Customer Focus

By Tim Connor, Rodeo! Performance Group, Inc.

EThe smart leader, to build loyalty in customers and keep his or her business lively and growing over the long term, must have a plan for recovering from service errors. This article describes service recovery, the three crucial elements of such a plan, and why they make the it work.

Every business, every organization, every human, makes mistakes. It’s part of the human condition. It’s going to happen.

That has to be said first, because if your assumption is that you won’t make mistakes, you have to proceed on a wholly different premise, and it will be a premise built on the quicksand of fallacy. Now, we’re in a unique position as a nation because we have moved into the “Gotcha!” mode with our legal system and indeed in our popular thinking, which seeks to shift responsibility for mistakes onto whoever has the most money. But that will have to be addressed in another article.

So, if we make the assumption that your business is going to make mistakes, then we can move on to breaking mistakes down into one of two categories: product mistakes and service mistakes. Product mistakes are the most obvious, because if our product doesn’t do what it’s supposed to, there’s a problem. But product errors turn immediately into service mistakes because they require you to deal immediately with the customer who bought the product. So the plan here is to focus on service, and the method you have in place to properly deal with those issues. That’s called service recovery.

Service Recovery Must Have Goals

Think about it for a minute: what are the outcomes you want for a customer when an error has been made? This isn’t rocket science, business leader, because you are dealing with people. What do people want when there’s been an error made? Let’s break it down into pieces.

People Want You To Acknowledge There’s a Problem

This is first and foremost, because (especially in our present economy) people just spent hard-earned cash with you, they expected a certain product, and they feel they haven’t gotten it. So your plan has to be to get on the customer’s side. You and your staff have to agree with the customer that there’s a problem, and that it’s your #1 priority to get it right. If the customer hears that from your staff, there will be an immediate de-escalation in the whole interaction, and you will hear the customer calm down. People are “wired” in that they want to be heard when they have a problem, and if they feel heard – especially if your staff give immediate feedback that they have heard – it satisfies this inbuilt need.

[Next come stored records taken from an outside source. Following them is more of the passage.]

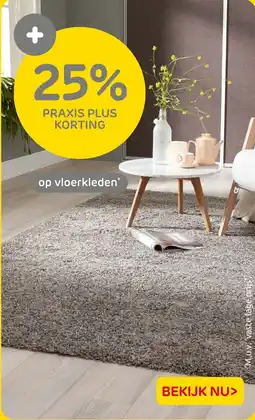 Praxis Vloerkleden aanbieding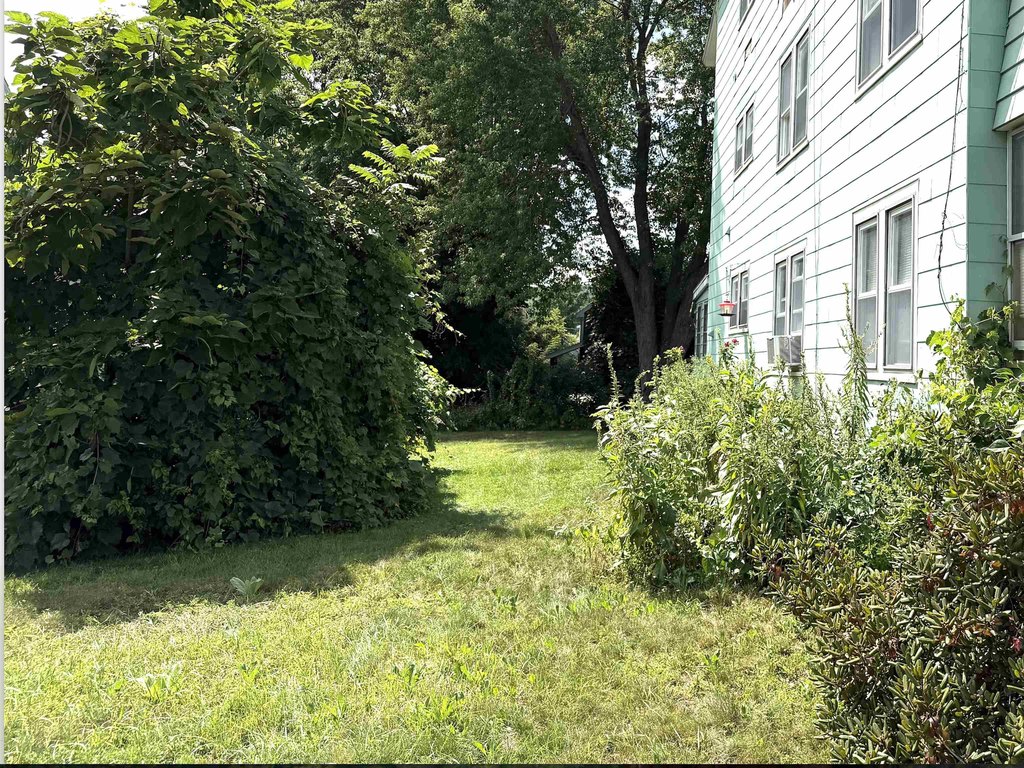 Picture 45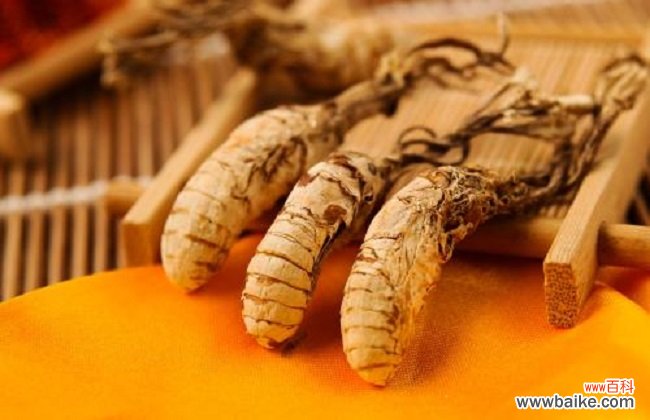 中药材金蝉花的功效与作用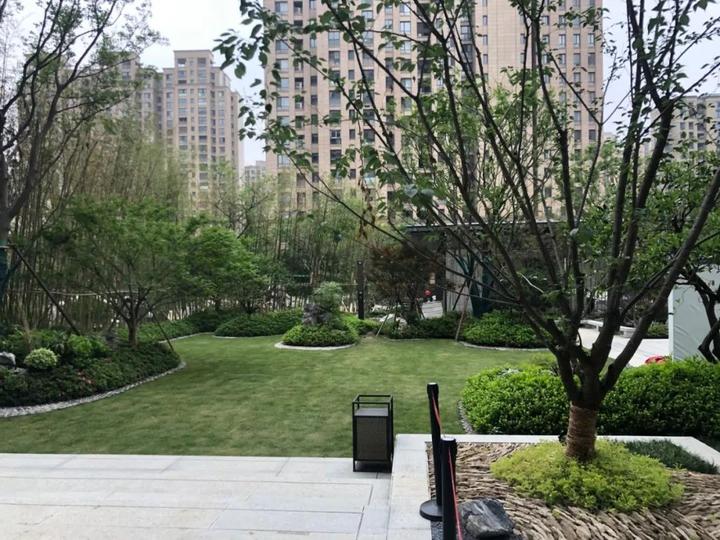 所见即所得，很快就能住！探营杭州四大现房，值得买吗？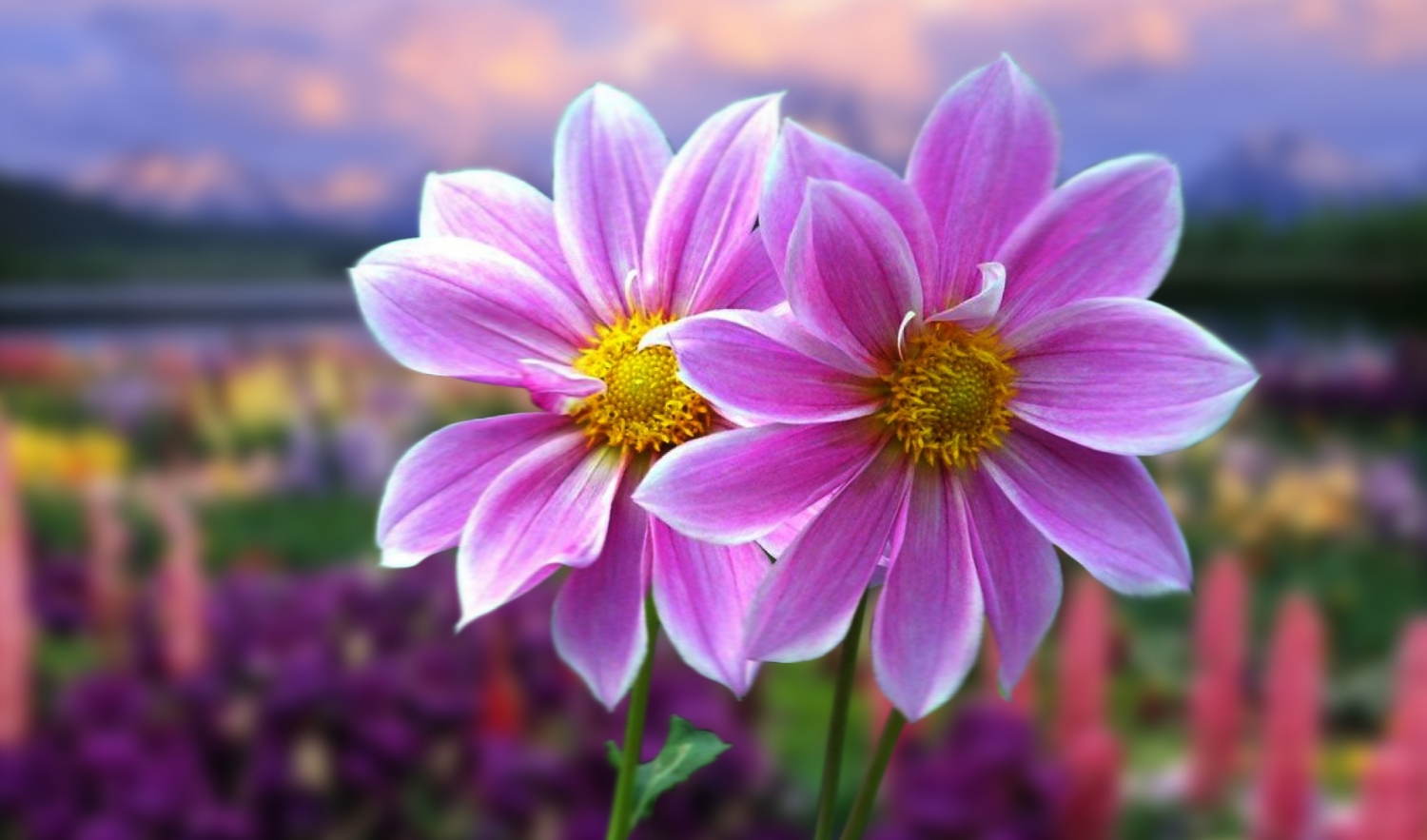 tu vi ngay 2382019 tuoi ty duyen tot nhieu may tuoi thin cho nen lieu linh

People Want A Product That Works

The second goal must be to provide the customer a product that works, because that’s what they expected when they purchased from you. So once your staff have communicated that they’ve heard, a working product has to be provided – and quickly. One of my favorite passages is from Tom Peter’s book Thriving On Chaos, in which he describes a situation within Coleman, the company that manufactures the well-known Coleman Stove. It seems there was a problem with the boilers cracking, and the service department showed up at the executive meeting with their report and the expectation that the team would have to settle down to a long meeting and discussion. Mr. Coleman, the owner, was there, and after about 30 seconds of listening he sat bolt upright in his chair: “’You mean we’ve got goods out there that aren’t working? Get ‘em back. Replace ‘em, and find out why, @#$%&!’ And that was the end of the meeting. There was no financial analysis. There was no legal analysis. There was no customer-relations analysis…The issue was the integrity of the product – which means there was no issue at all. We stand by it, and that’s that.” Page 86, Thriving on Chaos

If you, as the leader of your company, stand by your products in that way, and your staff know it and know that you mean it, they’ll be willing to meet the customer’s requirement for a product that works.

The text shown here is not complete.